Does corn or beans benifit more from deep tillage?
JD_Cattle
Posted 10/28/2025 09:39 (#11415847 - in reply to #11415434)
Subject: RE: Does corn or beans benifit more from deep tillage?


Wright County, MN

I've pretty much quit thinkng the ripper does any good for corn stubble going to beans.  For corn stubble I prefer to use the Excellerator.  Doesn't make it black at all.  Never an issue getting planting done on time.  "It'll be too wet"  "It'll never warm up".  BS.  I plant as early or earlier than most around here.  Beans don't seem to care.  I think they greatly prefer a lot of trash.  I don't have the best beans around if you believe the "coffee shop talk" but I've never had a "wow that was a bad year" either.  I'm fine with hitting the average every year.

A few years ago we spread dry fertilizer and ESN  on bean stubble in the fall and "worked it in" with the Ex.  Ground was hard and the Ex would only go in maybe 2".  Next years corn did 201bu.  Not the greatest but that was perfectly in line with what everyone else got that year.  That field is "highly erodable" because of some hills and that was a dry year.  I was quite pleased seeing 201.

To prevent a problem before it happens I still like to run the ripper every few years.  Haven't had a problem yet so I don't know how long I could let it go.
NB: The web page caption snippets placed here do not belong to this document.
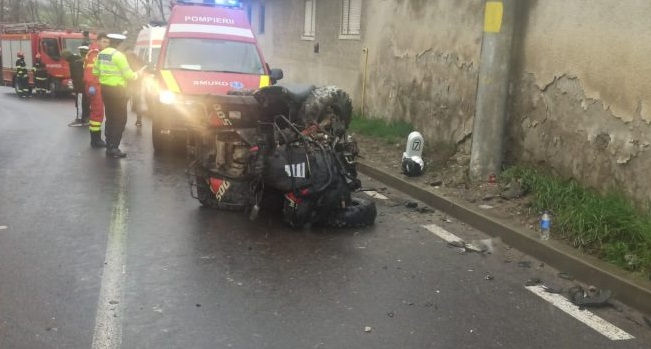 Un sătmărean beat a intrat cu ATV-ul în gardul unei case, pe strada Bisericii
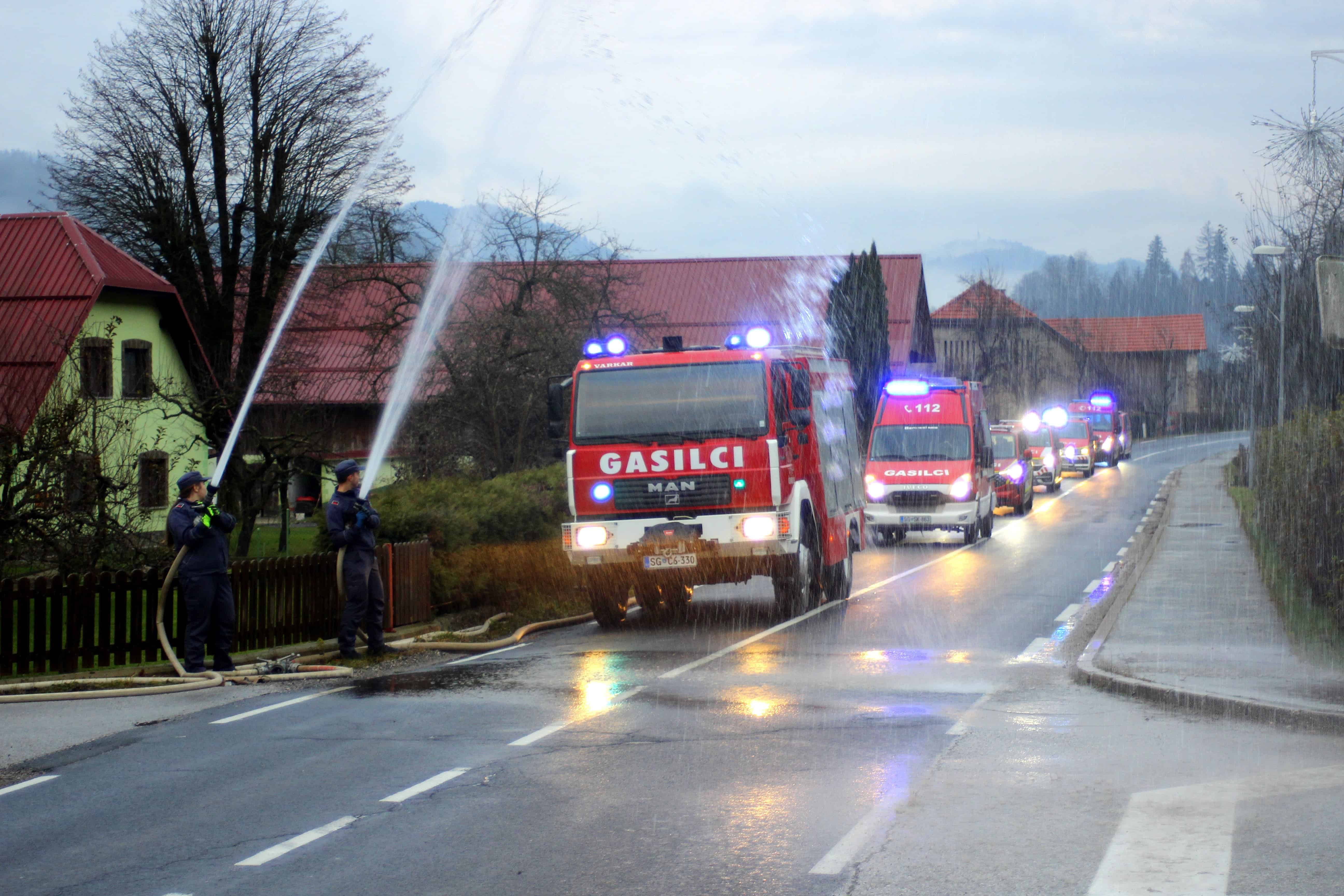 PGD Črneče bogatejše za novo gasilsko vozilo GVM-1: Uresničena dolgoletna želja (FOTO)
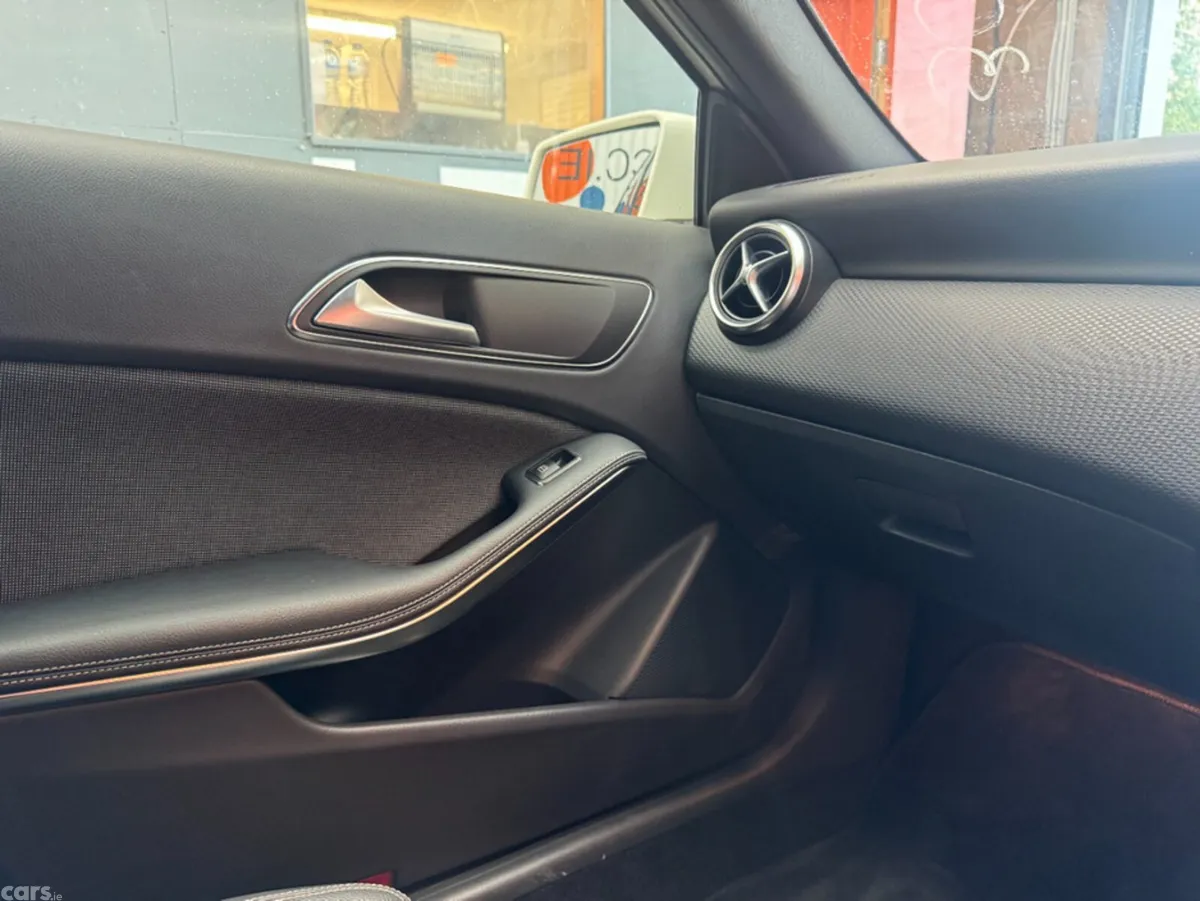Mercedes-Benz A-Class Hatchback, Petrol, 2018, White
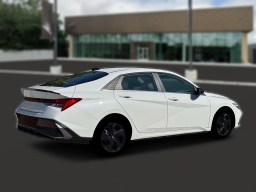 Hyundai Elantra SEL Sport Premium IVT 2026
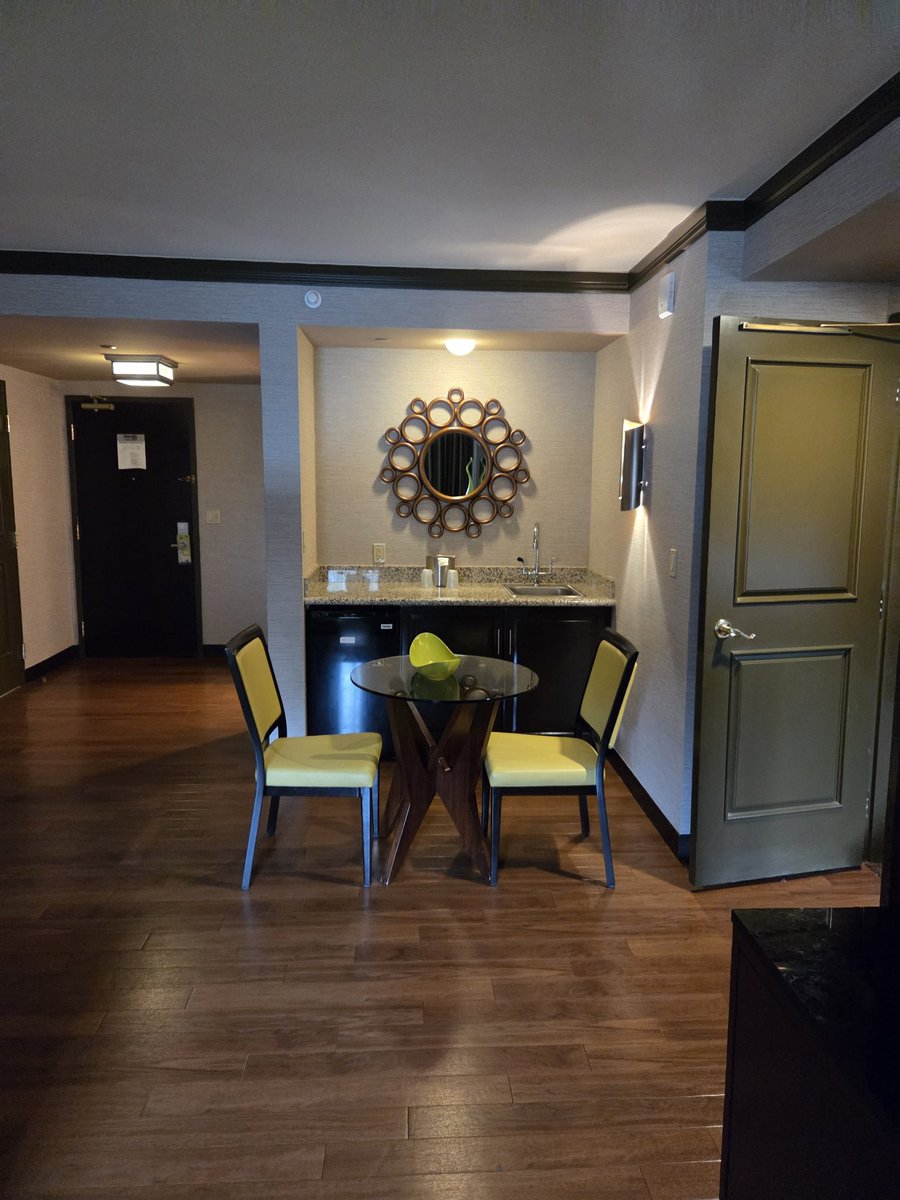 Succubi⸸ch 🩷 tweet media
I know for a fact I don't like working ground in a wet spring if it was ripped the fall before.  With the Ex in the fall, there is no real concern with spring mud.  Just go.  After ripping, the ground gets mushy.  I don't think that means the un-ripped ground is compacted.  It's just the ripped ground is, well, mushy.

So to answer your question, I don't know.  It's a nice feeling seeing stalks turn black or ripping up chunks thinking, "That'll grow some corn" but I think it might be just that, a feeling.